If I pick one offer type as a true or false to get a binary metric, I can get more metric such as Precision and Recal.
After convert multiple classification to binary classification , here is a result for offer_bogo
---Prediction of an customer may accept offer_bogo---
Precision 94.80301760268232
Recall 95.92875318066157
Accuracy 97.0310391363023
F1-score 95.36256323777404
misclassifying acceptance 4.071246819338422
misclassifying refusal 2.454473475851148The results shows that, the prediction model has Precision 94.8% , Recall 95.9%, Accuracy 97.0%, and F1-score 95.4%. To the customers who may accept an offer, there are 2.45% misclassifying acceptance. To the customers who may refuse an offer, there are 4.0% misclassifying refusal.
Because misclassifying refusal is less than misclassifying acceptance, the predictive model is doing well as it has very low chances of missing an customer who may respond an offer than who may ignore.
In this project, sending offer to a potential customer with high chance of responding is more important than to a person may refuse the offer. That means, even through both higher precision and higher recall are goal we trying to go for, the higher recall is more meaningful to this project than precision. Therefore, the predictive model would fit the purpose in this project.
Review and Conclusion
The problem in this project is to build a model that predicts whether a starbucks’ customer will respond to an offer. After clean the Problem Definition, the solution has mainly four steps.
First is Data Loading and Cleaning. I was preprocessing portfolio, profile and transaction datasets, and get several cleaned and verified data. Also did some understanding of cleaned data and show some visilizations.

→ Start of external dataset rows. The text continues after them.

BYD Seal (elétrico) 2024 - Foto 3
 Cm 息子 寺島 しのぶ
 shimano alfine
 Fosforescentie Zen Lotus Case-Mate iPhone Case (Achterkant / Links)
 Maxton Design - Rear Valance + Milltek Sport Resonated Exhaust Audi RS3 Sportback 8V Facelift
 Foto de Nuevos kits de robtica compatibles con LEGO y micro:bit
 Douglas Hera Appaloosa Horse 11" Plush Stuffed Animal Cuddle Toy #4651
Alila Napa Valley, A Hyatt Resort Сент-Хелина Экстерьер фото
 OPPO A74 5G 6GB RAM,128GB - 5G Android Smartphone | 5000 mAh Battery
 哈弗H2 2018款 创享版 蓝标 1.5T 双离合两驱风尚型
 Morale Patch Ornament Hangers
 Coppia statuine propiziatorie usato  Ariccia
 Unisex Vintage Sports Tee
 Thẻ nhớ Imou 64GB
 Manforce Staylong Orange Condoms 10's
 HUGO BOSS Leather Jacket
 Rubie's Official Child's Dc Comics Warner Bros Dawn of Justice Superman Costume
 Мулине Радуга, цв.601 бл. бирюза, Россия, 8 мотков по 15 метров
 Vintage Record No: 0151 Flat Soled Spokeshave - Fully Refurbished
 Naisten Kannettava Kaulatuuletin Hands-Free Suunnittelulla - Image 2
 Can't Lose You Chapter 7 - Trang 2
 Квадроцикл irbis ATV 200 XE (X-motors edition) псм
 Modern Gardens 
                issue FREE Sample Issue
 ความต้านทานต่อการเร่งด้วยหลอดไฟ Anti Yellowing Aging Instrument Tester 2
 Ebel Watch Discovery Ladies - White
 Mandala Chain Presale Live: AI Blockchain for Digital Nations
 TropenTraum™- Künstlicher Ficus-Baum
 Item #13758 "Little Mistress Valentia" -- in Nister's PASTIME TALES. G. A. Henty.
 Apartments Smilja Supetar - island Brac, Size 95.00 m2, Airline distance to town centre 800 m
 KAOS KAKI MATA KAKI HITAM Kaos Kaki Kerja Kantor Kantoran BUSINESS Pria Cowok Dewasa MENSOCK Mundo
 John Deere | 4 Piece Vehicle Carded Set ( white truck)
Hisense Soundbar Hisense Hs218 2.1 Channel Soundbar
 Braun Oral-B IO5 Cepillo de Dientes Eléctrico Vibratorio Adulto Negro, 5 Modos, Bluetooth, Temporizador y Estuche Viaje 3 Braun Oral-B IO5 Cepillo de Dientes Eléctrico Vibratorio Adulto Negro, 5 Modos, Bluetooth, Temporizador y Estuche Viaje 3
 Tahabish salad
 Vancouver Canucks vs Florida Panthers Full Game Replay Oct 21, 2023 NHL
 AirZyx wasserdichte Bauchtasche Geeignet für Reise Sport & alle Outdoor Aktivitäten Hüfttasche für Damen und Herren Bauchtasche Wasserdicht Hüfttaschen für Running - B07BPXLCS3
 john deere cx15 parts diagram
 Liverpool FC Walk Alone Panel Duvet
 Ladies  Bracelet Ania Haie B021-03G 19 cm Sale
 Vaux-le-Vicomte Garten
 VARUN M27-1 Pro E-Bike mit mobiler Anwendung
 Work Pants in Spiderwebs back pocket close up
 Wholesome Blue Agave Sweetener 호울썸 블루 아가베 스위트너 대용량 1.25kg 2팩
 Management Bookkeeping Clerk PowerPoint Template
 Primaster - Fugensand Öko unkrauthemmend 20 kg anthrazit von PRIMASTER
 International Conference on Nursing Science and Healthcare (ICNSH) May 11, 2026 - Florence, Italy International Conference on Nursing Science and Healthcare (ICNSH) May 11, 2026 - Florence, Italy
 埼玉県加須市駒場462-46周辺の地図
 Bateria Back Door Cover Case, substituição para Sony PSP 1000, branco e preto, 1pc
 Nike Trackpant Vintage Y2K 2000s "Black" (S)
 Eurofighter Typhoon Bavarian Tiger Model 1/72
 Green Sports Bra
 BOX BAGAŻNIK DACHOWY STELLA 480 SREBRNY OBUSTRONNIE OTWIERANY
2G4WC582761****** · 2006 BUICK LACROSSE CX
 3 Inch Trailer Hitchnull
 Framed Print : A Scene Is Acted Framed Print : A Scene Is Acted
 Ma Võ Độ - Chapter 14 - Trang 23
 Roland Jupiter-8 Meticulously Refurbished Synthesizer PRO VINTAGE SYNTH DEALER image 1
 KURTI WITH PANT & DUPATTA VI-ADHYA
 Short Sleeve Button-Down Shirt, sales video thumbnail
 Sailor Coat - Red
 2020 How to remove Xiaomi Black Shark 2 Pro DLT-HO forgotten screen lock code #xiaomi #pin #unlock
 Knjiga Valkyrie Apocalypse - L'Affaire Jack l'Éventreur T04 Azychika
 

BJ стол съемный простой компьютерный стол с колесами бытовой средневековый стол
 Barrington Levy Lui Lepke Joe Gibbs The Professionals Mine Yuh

Second, Feature Selection and Engineering. In this step I was combined 3 datas sets in to one by join customer_id. To keep more information from transaction dataset, customer events data need to be aggreated.
Third, Normalizing and Engineering Data for Machine Learning. Dummy data and cut data to generate new features, and remove the features that has less relevent. shuffle the data and split data for train and test.
Last, based on the splitted data I get a quick comparison of f1-score and time used between 4 algorithms by GridSearch. And I chose the best estimator “RandomForestClassifier” to train and predict the splitted data. A confusion matrix was generated to verify the performance my model.
The estimator forest_estimator which I got at end, can fit the purpose of predicting a customer would or not response an stabucks' offer.
Improvement and Reflection
First of all, the result looks like pretty good, I can understood the data well before implement any engineering code. and I plan the project through the conclution from each step and section. That is fallow a methodology called reflection in action.
However, the result is based on several choice of data selection , feature engineering , and algorithm selection. Once the dataset changed, for example, some feature was dropped such as gender_others, time, and offer_discount. because they played a low correlation with other features. But in nother dataset , these dropped feature may shows higher weight than current dataset. In nother dataset, gender_others could be higher than gender_male, then gender_male can be ignored. The less correlation features can be detected by an algorithm automaticaly , then remove them or choose top N relevent features.
Another improvement is use higher folds in GridSeachCV, than may give better result but running bit logger time. the slower is tolerable, but the result is critial for later Model Building.